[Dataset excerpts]
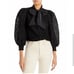 NEW ALICE + OLIVIA alice + olivia women brentley bow tie neck blouson sleeve top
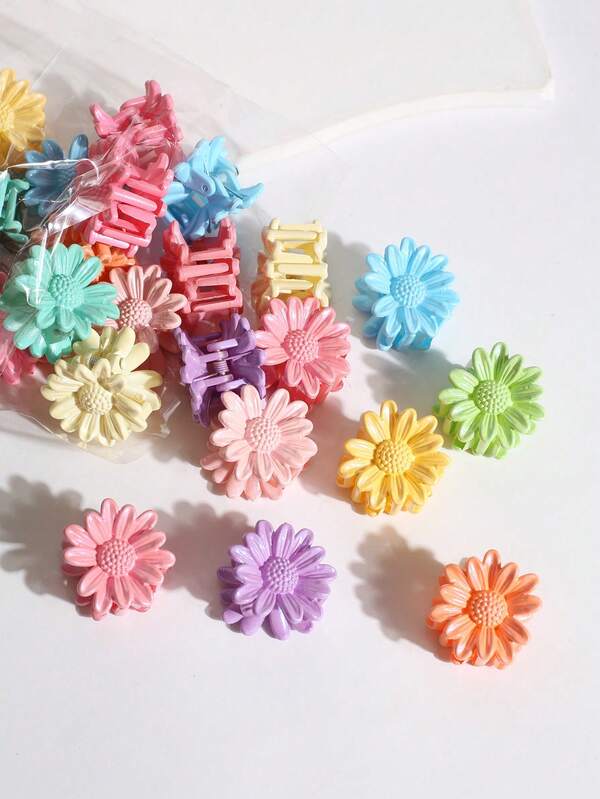 15/20/30pcs Mini Flower Shaped Claw Clips, Coffee Color Small Hair Clips, Bangs Clips, Hair Accessories (20pcs One Size) Elegant Hair Clutch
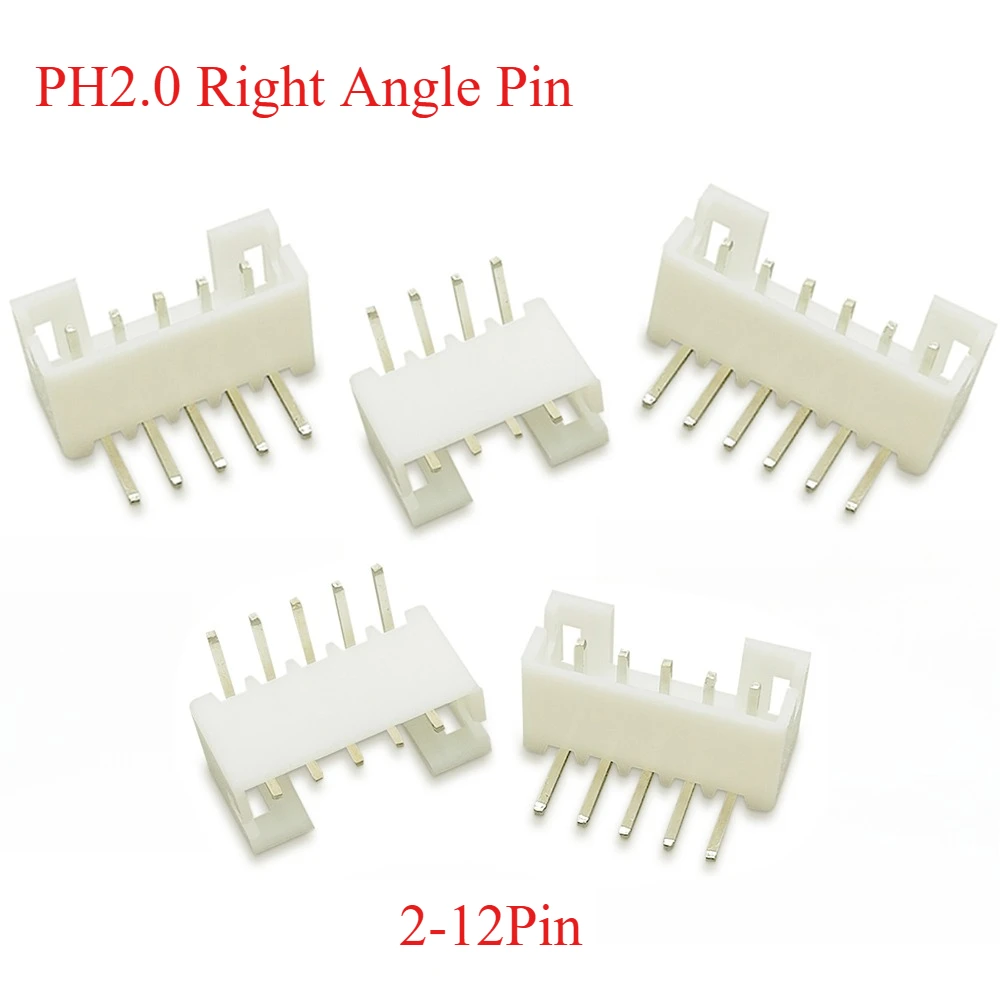 

50PC PH2.0 Right-Angle Male Connector White 90Degree Foot Needle Holder 2.0MM Header Curved Needle 2/3/4/5/6-12Pin AW Curved Pin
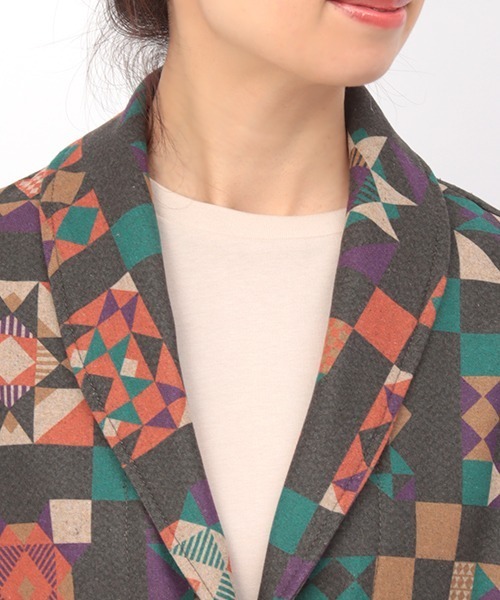 チチカカ（チチカカ）の「アメリカンキルトプリントガウン（チェスターコート・レディース・ブラック/レッド・FREE）」の14枚目の写真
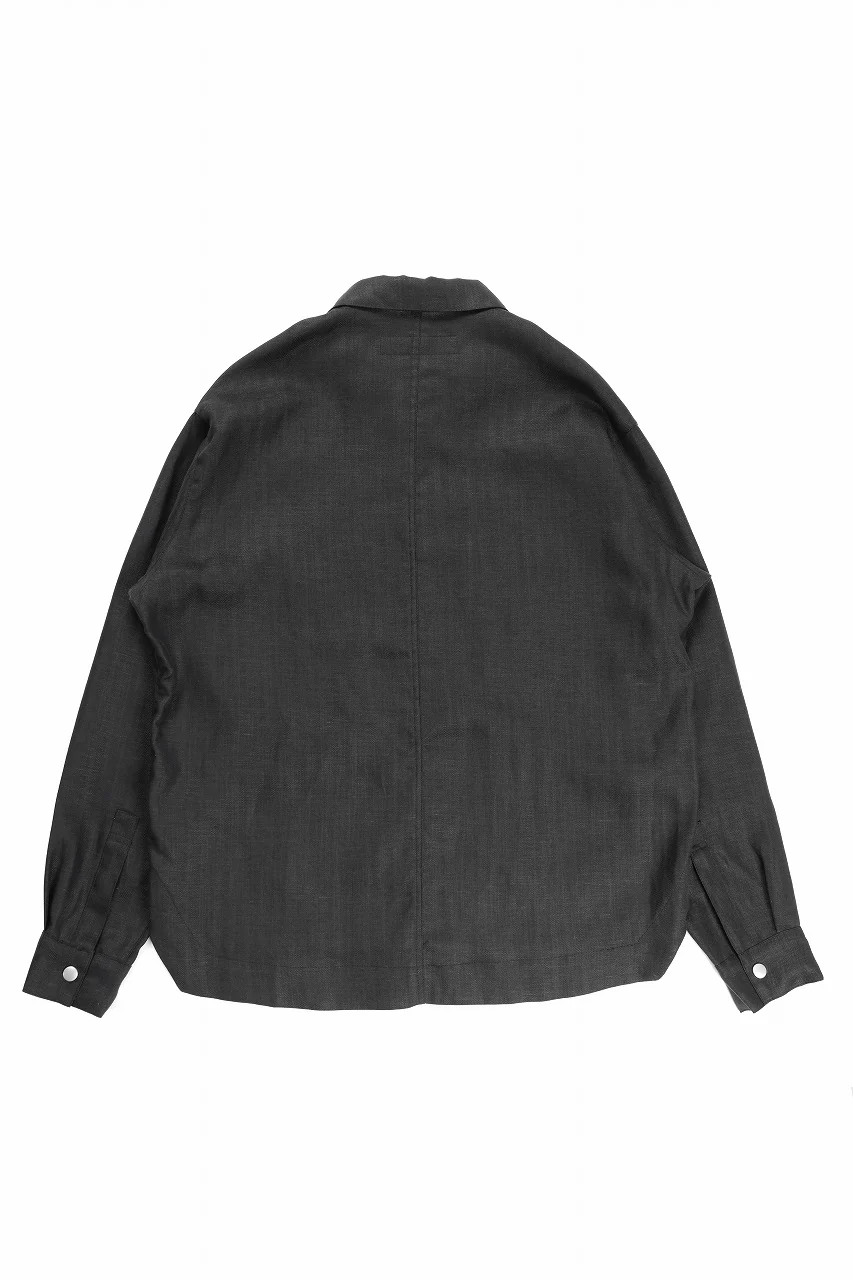 A.F ARTEFACT HERRINGBONE LINEN MILITARY SHIRTS (BLACK) - Image 3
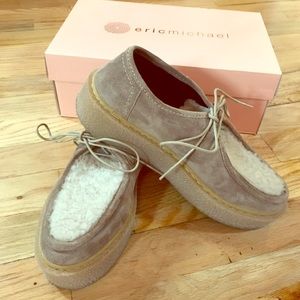 Shearling and suede platform shoes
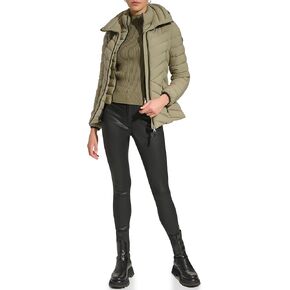 DKNY Women's Bib-Front Light-Weight Puffer, Black, X-Small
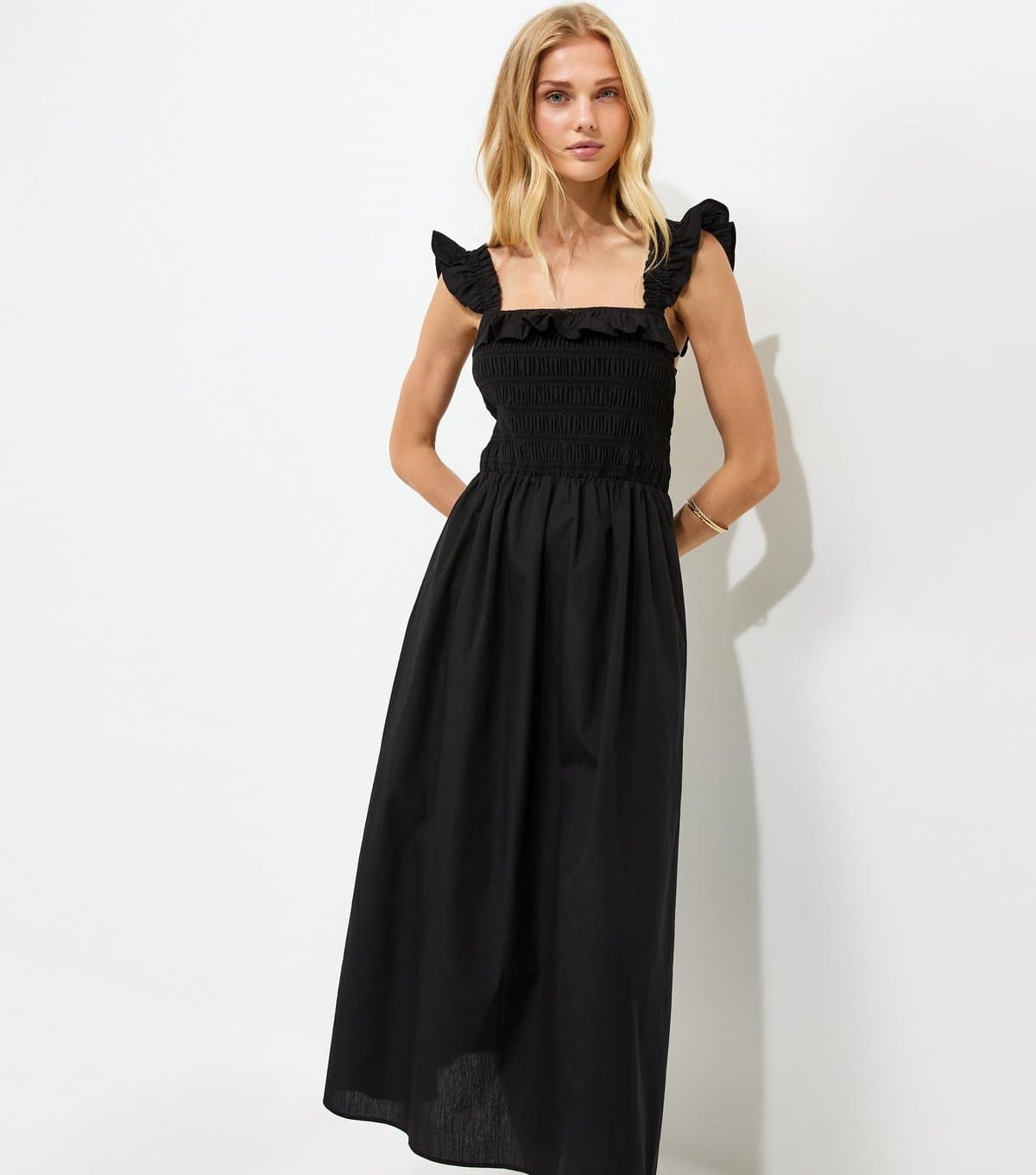 New Look Women's Black Cotton Tie Back Shirred Poplin Midi Dress New Look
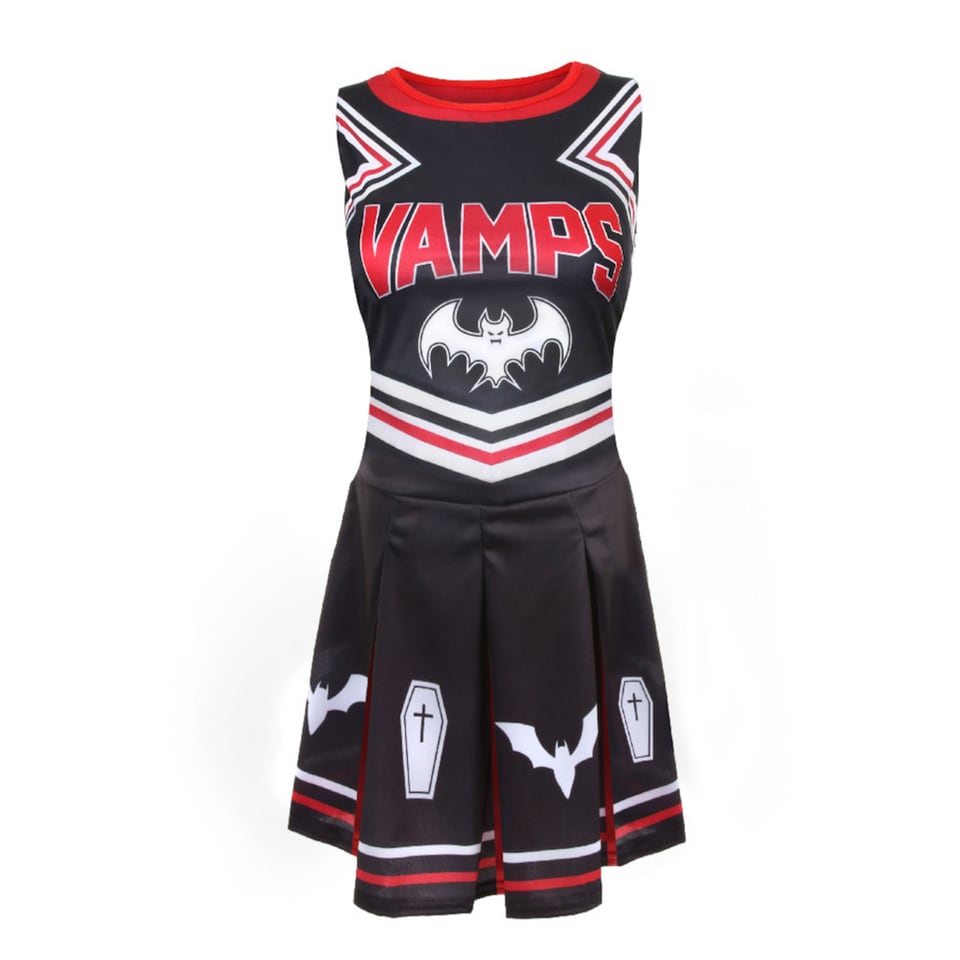image 1 of Vampire Cheerleader Costume | Black | M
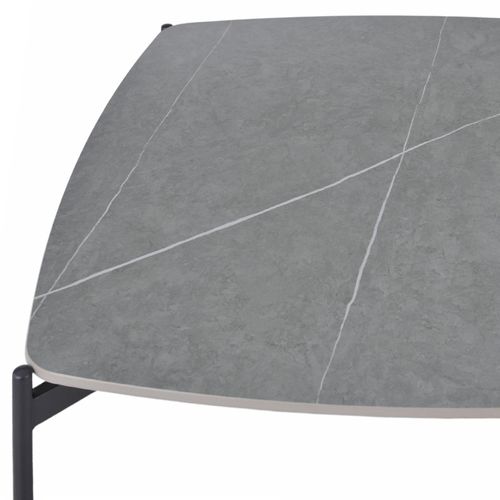 Table Basse Carrée En Céramique Gris Marbré Et Métal Noir - Jerry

> [The problem]:
In the records above, locate the line with "15/20/30pcs Mini Flower"; output it and each line after it through the last one, exactly, omitting pictures.

> [Answer below]:
 15/20/30pcs Mini Flower Shaped Claw Clips, Coffee Color Small Hair Clips, Bangs Clips, Hair Accessories (20pcs One Size) Elegant Hair Clutch

50PC PH2.0 Right-Angle Male Connector White 90Degree Foot Needle Holder 2.0MM Header Curved Needle 2/3/4/5/6-12Pin AW Curved Pin
 チチカカ（チチカカ）の「アメリカンキルトプリントガウン（チェスターコート・レディース・ブラック/レッド・FREE）」の14枚目の写真
 A.F ARTEFACT HERRINGBONE LINEN MILITARY SHIRTS (BLACK) - Image 3
 Shearling and suede platform shoes
 DKNY Women's Bib-Front Light-Weight Puffer, Black, X-Small
 New Look Women's Black Cotton Tie Back Shirred Poplin Midi Dress New Look
image 1 of Vampire Cheerleader Costume | Black | M
 Table Basse Carrée En Céramique Gris Marbré Et Métal Noir - Jerry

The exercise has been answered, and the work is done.